Ce grand développement du capital que nous décrit Gailbrath – et c’est vers quoi tendent tous les pays avancés – est inclus dans ce qu’est le capital dès l’origine : la valeur d’échange parvenue à l’autonomie et, pour ce faire, en procès. Son autonomie idéale c’est le rejet de l’homme de la production. L’homme n’est intéressant qu’en tant que surface d’échange, support de valorisation d’une parcelle de capital. De ce fait, de plus en plus les hommes seront hors du système ; ils deviendront des êtres marginaux. La crise ne fera que dévoiler la réalité profonde : la négation de l’homme. La révolution communiste sera sa conquête, la réappropriation de la nature humaine. Alors, toutes les machines, tous les instruments qui sont, à l’heure actuelle, capital, seront autant d’organes de l’homme-Gemeinwesen et, de ce fait, « dans l’appropriation prolétarienne une masse d’instruments de production » sera « subordonnée à chaque individu… ». Autrement dit, tout ce que l’homme produira ne représentera plus cette extériorisation qui le dépouille mais sera englobé dans son être qui prendra alors une ampleur insoupçonnée.

 

Le révolutionnaire qui adopte la théorie communiste – vaste épure de la société future – ne peut en même temps partager la conception plus ou moins classique du militant esclave de la cause, sacrifié, martyr, ou … du militant super-sélectionné, etc.. Le mouvement de mai 1968, de même que la critique des situationnistes ont tourné en dérision cette conception « judéo-chrétienne ». En 1961, nous faisions remarquer (Invariance, n°1, p. 36) que pour leur comportement les militants devaient s’inspirer des notes de Marx au livre de James Mill. En un mot, la révolutionnaire se caractérise par sa joie de lutter pour la révolution future (actuellement), actuelle (demain).

 

Jacques Camatte

 




 

NOTES

 

 

 

[1]           Les textes dont il s’agit ici, publiés dans Invariance, série I, n°5, 1969, sont de Bordiga et avaient été groupés sous un titre général : L’individu et la théorie du prolétariat. Il s’agissait de : Il batilocchio dans l’histoire (1953), Dégonfle-toi surhomme (1953), Fantômes carlyliens (1953),  Paidoyer pour Staline (1956), Clefs des changements de scène entre les « grands acteurs » de l’histoire (1964), des extraits de Le contenu original du programme communiste est l’anéantissement de la personne singulière en tant que sujet économique, titulaire de droits et actrice de l’histoire humaine (1968). On peut trouver une version complète de ce dernier texte dans Bordiga et la passion du communisme, Cahiers Spartacus, n°58, Octobre 1974.
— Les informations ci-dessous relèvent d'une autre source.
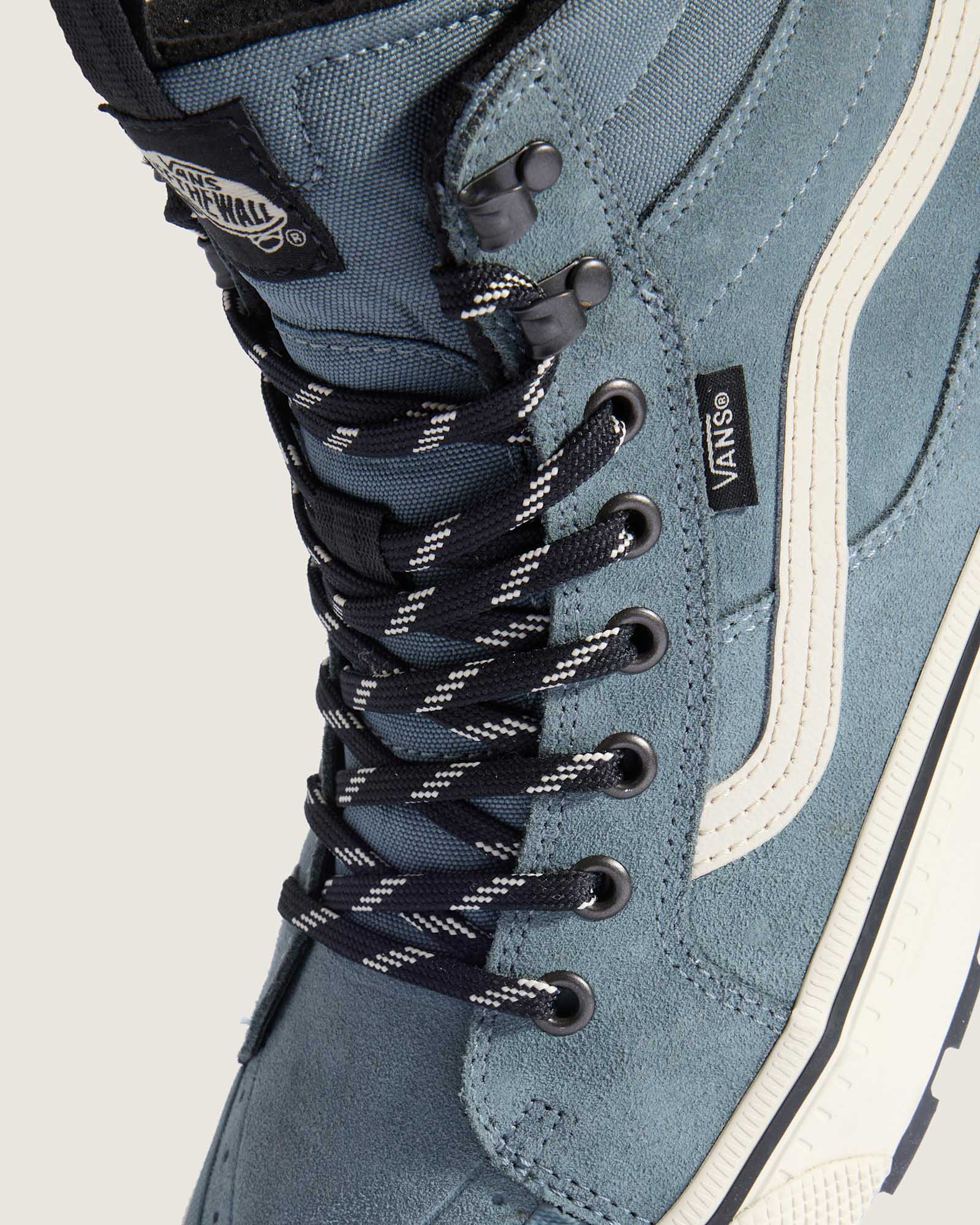 スケートハイ ウォータープルーフ インシュレーテッド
            La non republication de ces travaux gêne un peu la compréhension exhaustive de cette note. Toutefois le lecteur pourra remarquer la préoccupation essentielle : l’étude des rapports entre l’individualité humaine et la communauté ainsi  que le rejet de la démocratie sous toutes ses formes, comme ce fut explicité dans La mystification démocratique, dans Invariance, série 1, n­°6, 1969 : préoccupation qu’on retrouvera,  sous une autre forme dans le texte qui suit, Transition. [Note de 1977]

 

[2]           Il s’agit de Gloses critiques marginales à un article. Le roi de Prusse et la réforme sociale. Par un prussien, (1844).

 

 

[3]           C’est en fait une citation de Peuchet. Cf. Marx, Peuchet au sujet du suicide, dans Invariance, série II, n°6, 1975.